▶ **Scraped caption text data**
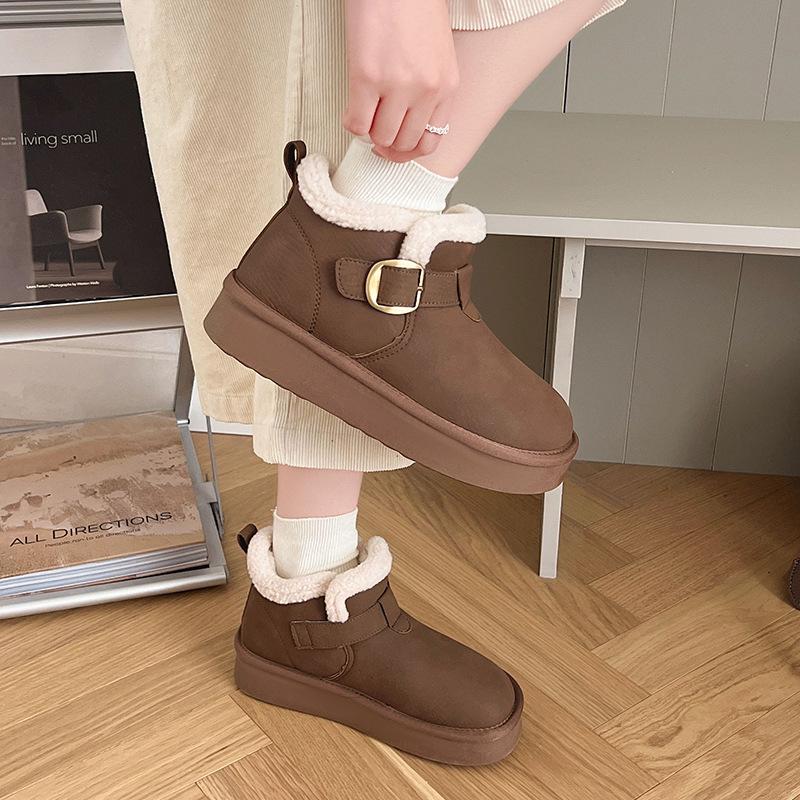 New winter velvet thickened non-slip thick-soled women s shoes non-slip and snow-proof snow boots 40
New winter velvet thickened non-slip thick-soled women s shoes non-slip and snow-proof snow boots 40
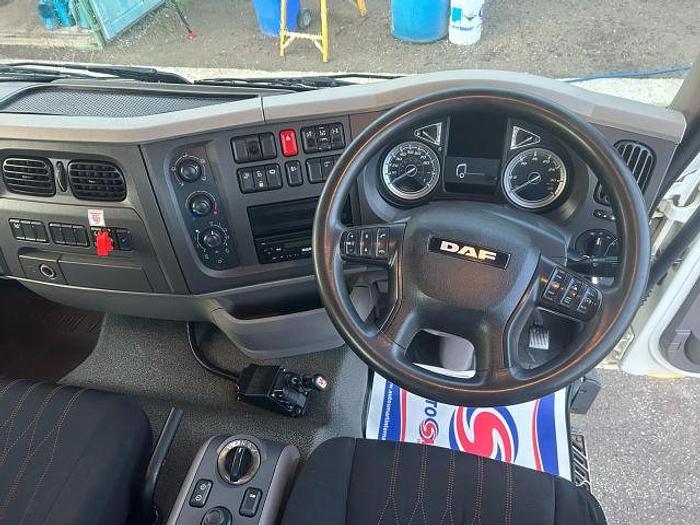 Used 2020 (20) DAF LF290 4x2 18T Dropside Tipper Grab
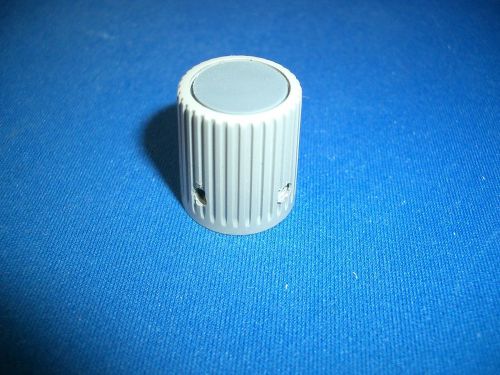 Tektronix TEK knob, tan, round, 11/16&#034; diameter, 1/4&#034; shaft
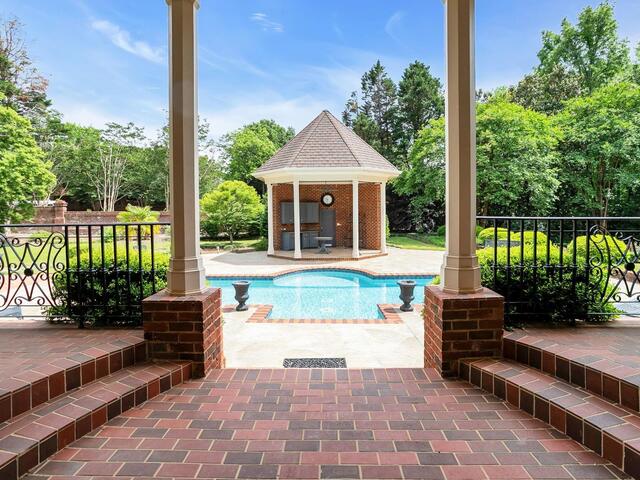 Photo of 101 Tuscany Way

▶ **Directions**
Transcribe all lines above exactly, skipping pictures.

▶ **Finished exercise**
 New winter velvet thickened non-slip thick-soled women s shoes non-slip and snow-proof snow boots 40
New winter velvet thickened non-slip thick-soled women s shoes non-slip and snow-proof snow boots 40
 Used 2020 (20) DAF LF290 4x2 18T Dropside Tipper Grab
 Tektronix TEK knob, tan, round, 11/16&#034; diameter, 1/4&#034; shaft
 Photo of 101 Tuscany Way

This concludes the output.